I was intrigued by the opening lines of today’s stern lecture from the anonymous NY Times editorial board:
The furiously contested election of a Wisconsin Supreme Court justice shows, once again, how politics and money can debase the law.
Intrigued because the Times is conflating politics with money in terms of how it can debase the law. The implication is that they think “politics” is just as bad as corruption, at least when it comes to judicial decision making. The remainder of the editorial is a discussion of the Wisconsin election, but the twin ‘problems’ of money and political influence are interspersed. Mostly money, but in the context of “special interest” contributions from politically-minded groups; but then at the end of the editorial, this:
The heavy spending predates this year’s heated battle, and the once collegial court has become increasingly fractured along political lines…
Upholding the Impartial Justice Act, a federal trial judge quoted Alexander Hamilton as saying that “the complete independence of the courts of justice is peculiarly essential” to democracy, as a check on the political branches. A merit panel should pick the state’s justices.
I don’t know if that claim–that it’s fundamentally wrong and unconstitutional for justices to have political motives–is right. It seems to contradict the empirical research on the federal Supreme Court, which I mentioned in an earlier post. Normatively, however, it might also just be a confusing position. On one hand, the Times is saying it’s wrong for the justices to have political motives. But on the other hand, they are saying that it’s wrong for them to accept contributions from other parties with political motives. Now, if both events are occurring–justices have political motives, and donors give with political motives–then my guess is that the justices would just take the money and act in the interest of their own underlying political motives anyway.

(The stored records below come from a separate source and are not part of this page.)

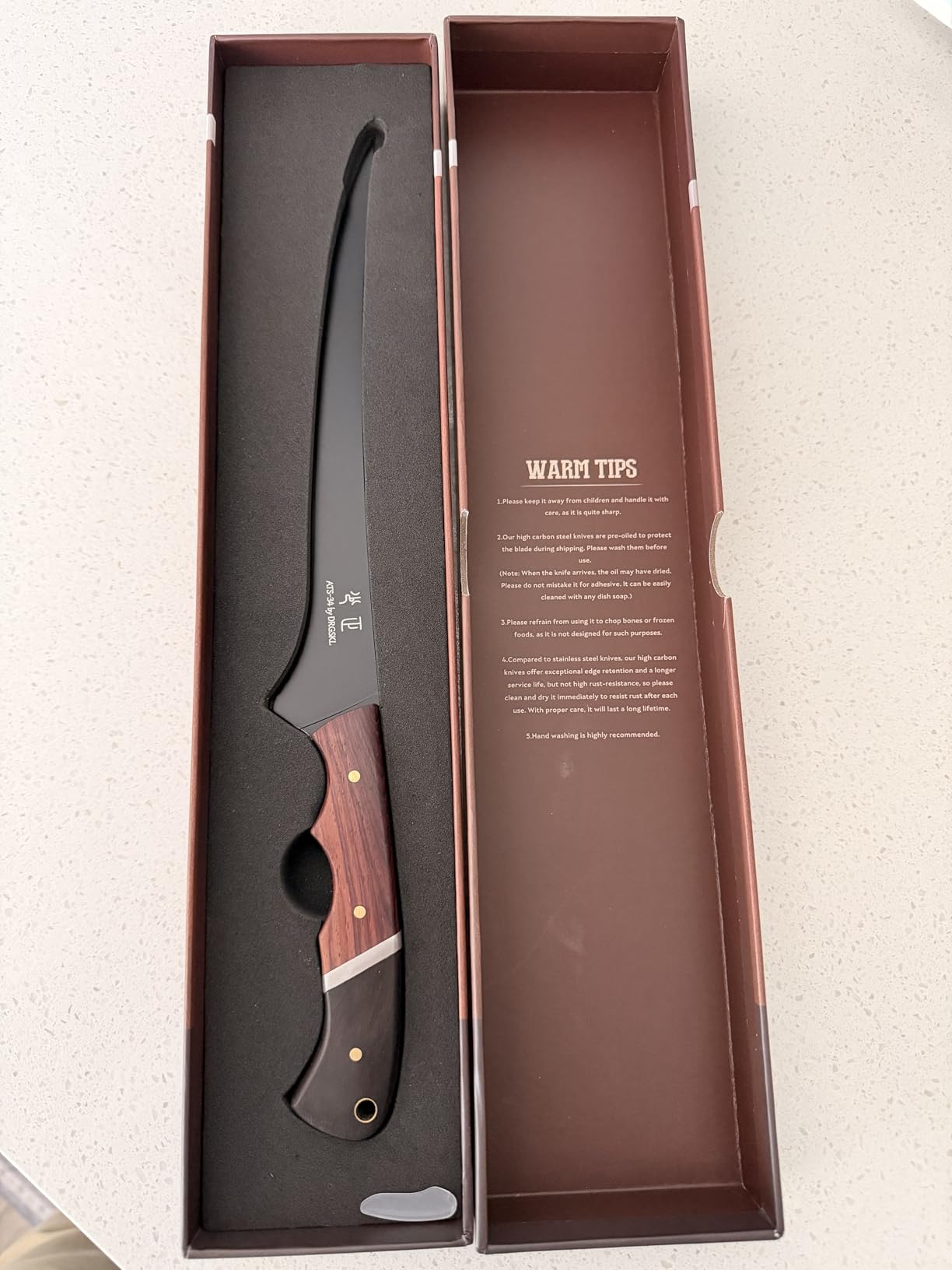 DRGSKL Santoku Knife 7 Inch - Japanese Chef Knife for Fish, Bunka Knife for Meat, Kiritsuke Knife for Vegetables, Black Slicing Knives with Full Tang Handle customer photo 2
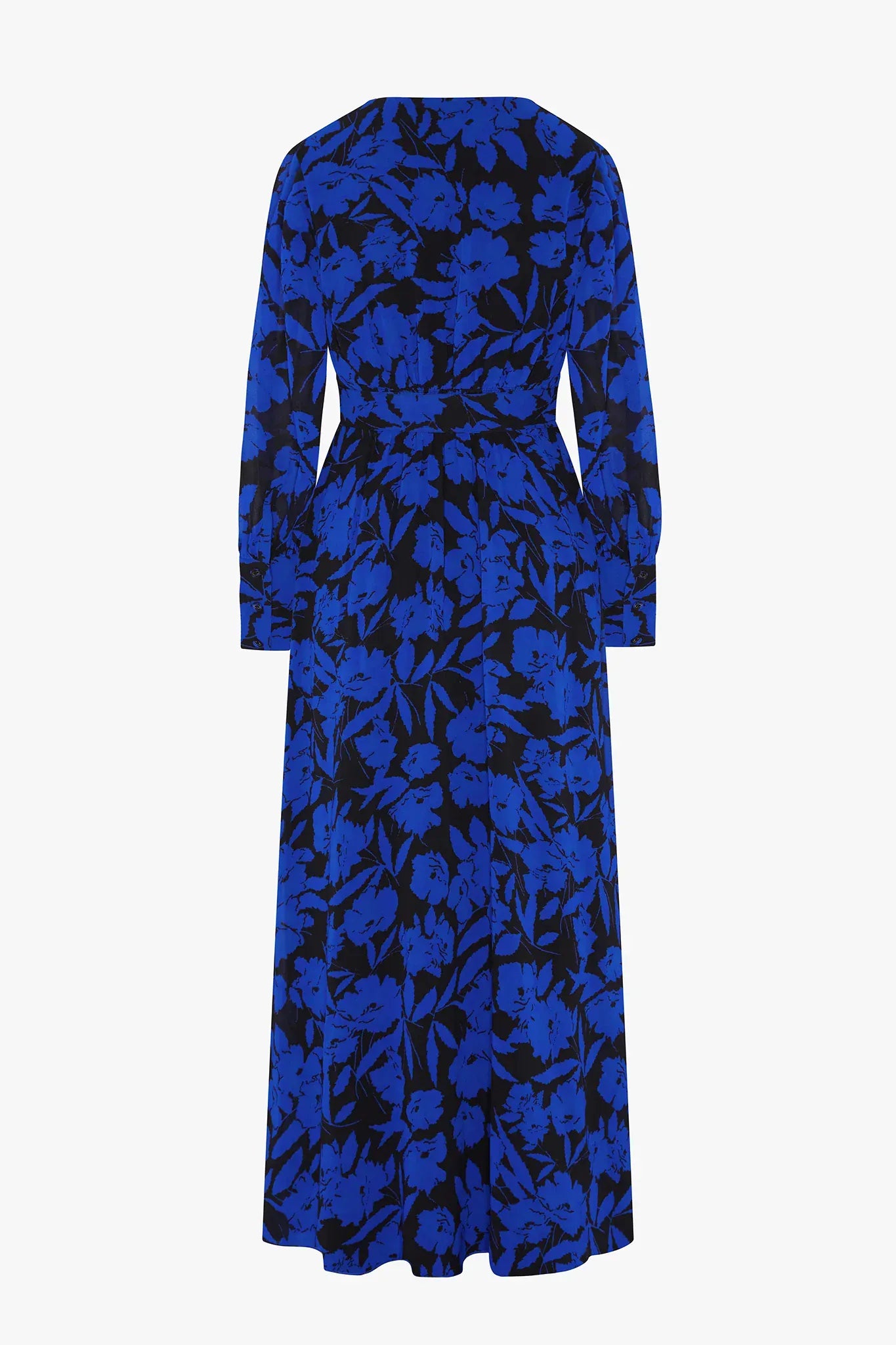 Ira Printed Georgette Maxi V Neck Dress in Blue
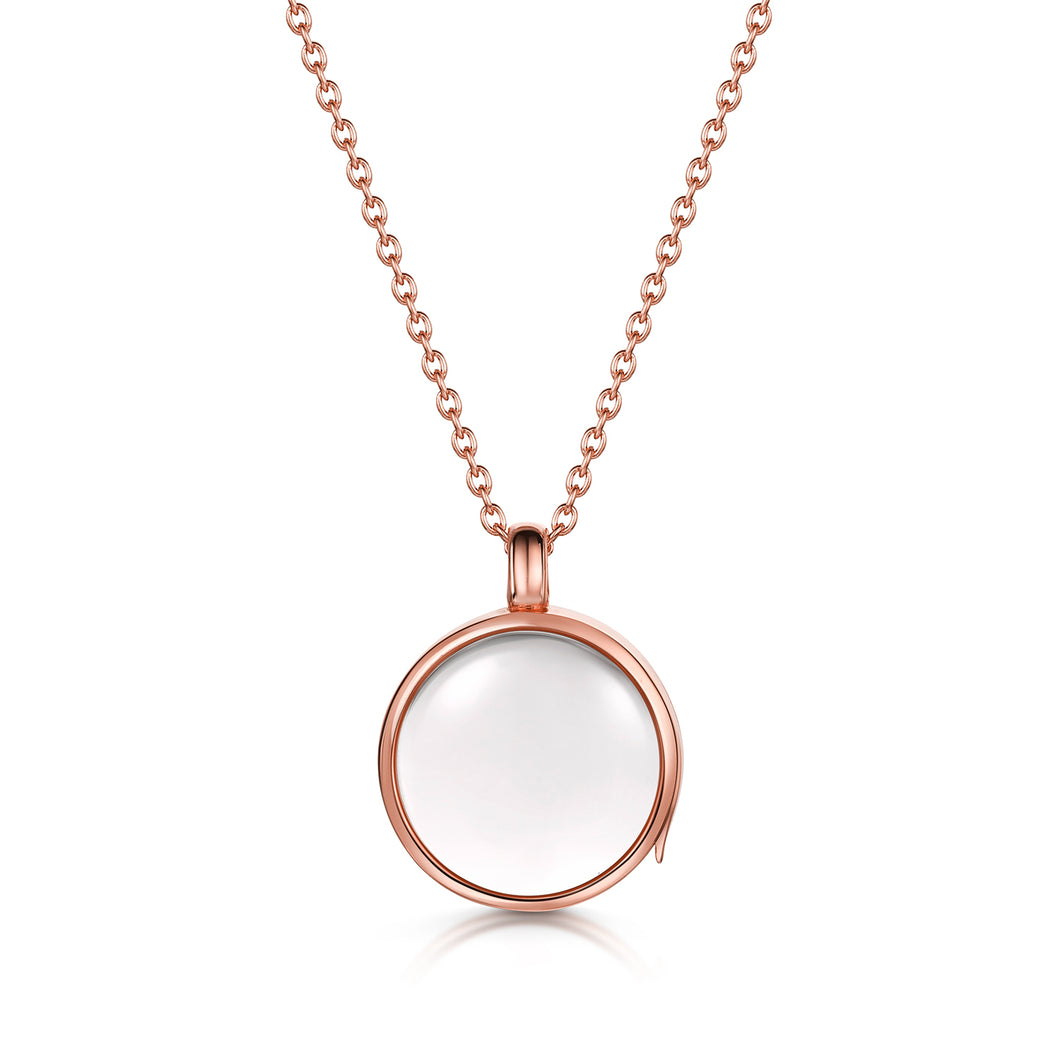 Floating Round Memory Locket - Rose Gold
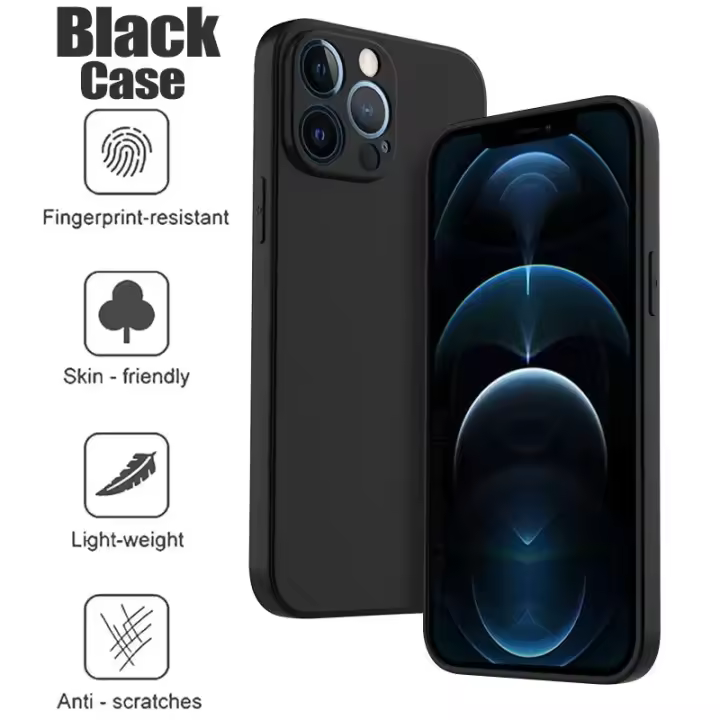Funda de teléfono negra a prueba de golpes para iPhone 16 15 Pro Fundas para iphone 11 12 13 14 Pro Max 15 Plus funda protectora trasera para cámara - 1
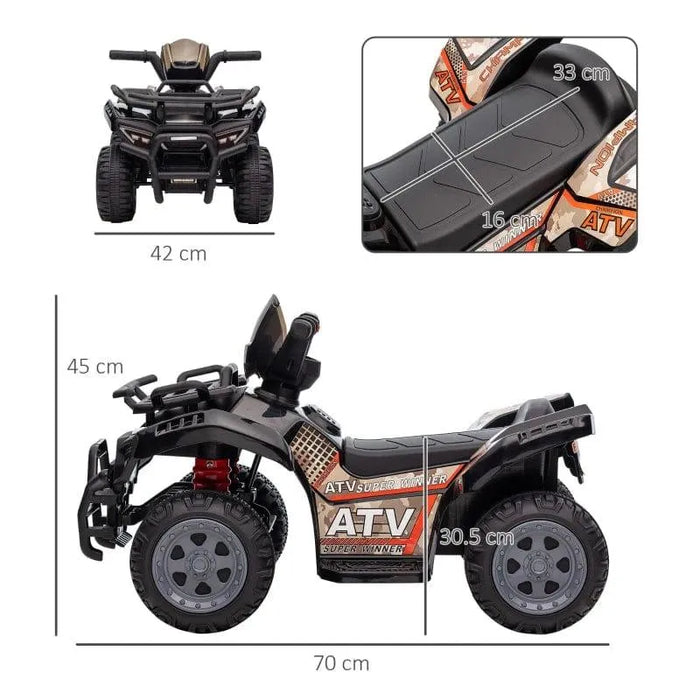 Black 6V kids electric ride-on ATV quad bike with racing stickers, size dimensions shown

In a different world, where justices have no “ideological” motives, but donors do, that could be a problem. Or vice versa: if donors just wanted to “extract rents”, as the economists say, but politicians had political motives, then that could lead to problems. But if everyone is motivated by politics, it seems to lessen these concerns. As does having judges be directly elected. Since I believe Segal and Spaeth (see the previous post linked to above) when they say judges (like everyone else) are motivated by politics, it might not be so bad if they take into account what voters want. But that’s an empirical question, one that the Times’ failure to distinguish economic and political influence prevents us from answering.
So what are the causal questions here? My title suggests that it’s the effect of “politics” on “justice.” Political science research says, justice is politics, at least when it comes to how judges make decisions. A better question is how to get “good” policy outcomes when it comes to the judiciary. The editorial is nice in that it sort of asks this question, but I don’t see it as really helping to answer it.